What you should do: Starting at the line below that contains "Schecke galoppiert durch Wasser" and ending at the line that contains "Campionatul Mondial - Koryo Karate", retype each line exactly as it stands, but omit the pictures.

Available records:
+-------+
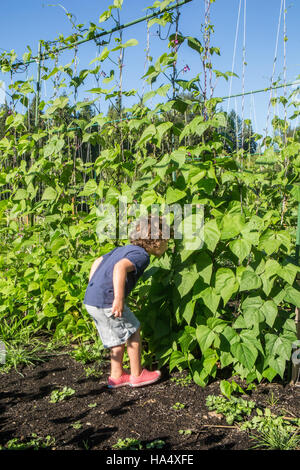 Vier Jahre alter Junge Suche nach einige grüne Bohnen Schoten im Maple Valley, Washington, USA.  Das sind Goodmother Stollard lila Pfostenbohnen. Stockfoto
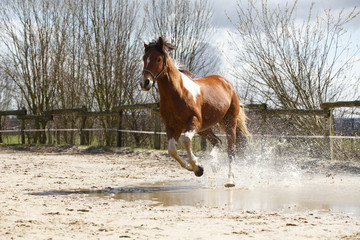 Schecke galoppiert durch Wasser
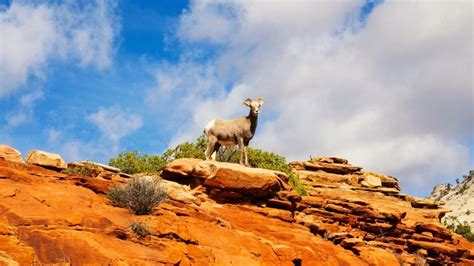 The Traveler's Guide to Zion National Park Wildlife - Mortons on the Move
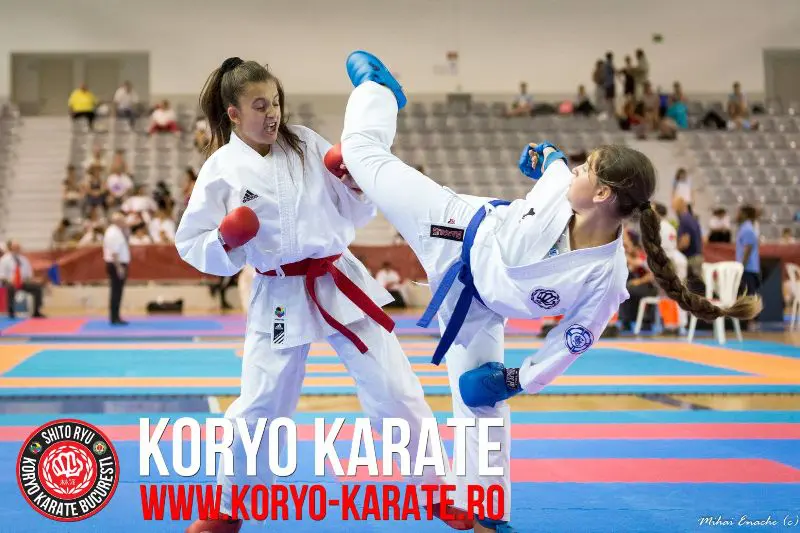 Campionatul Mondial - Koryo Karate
+-------+
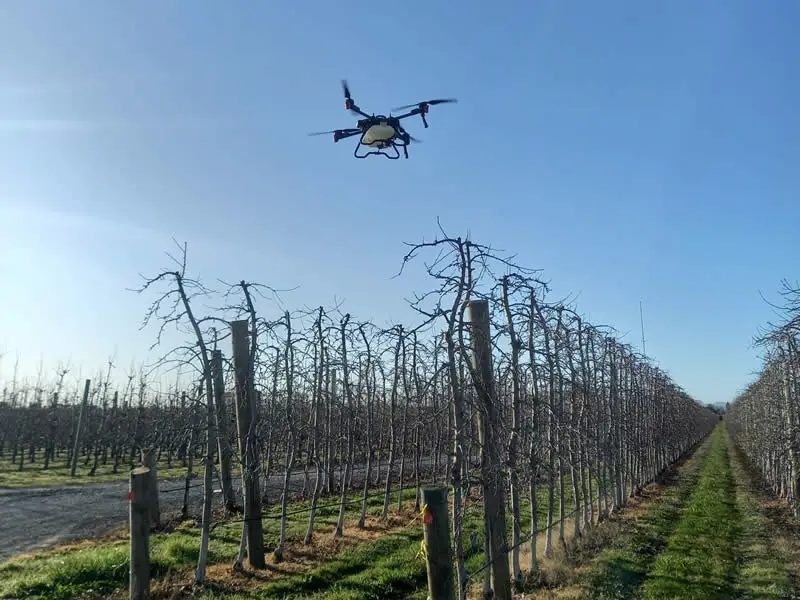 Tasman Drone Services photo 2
+-------+
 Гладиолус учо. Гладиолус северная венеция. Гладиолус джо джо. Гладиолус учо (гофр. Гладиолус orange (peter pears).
+-------+
Response:
 Schecke galoppiert durch Wasser
 The Traveler's Guide to Zion National Park Wildlife - Mortons on the Move
 Campionatul Mondial - Koryo Karate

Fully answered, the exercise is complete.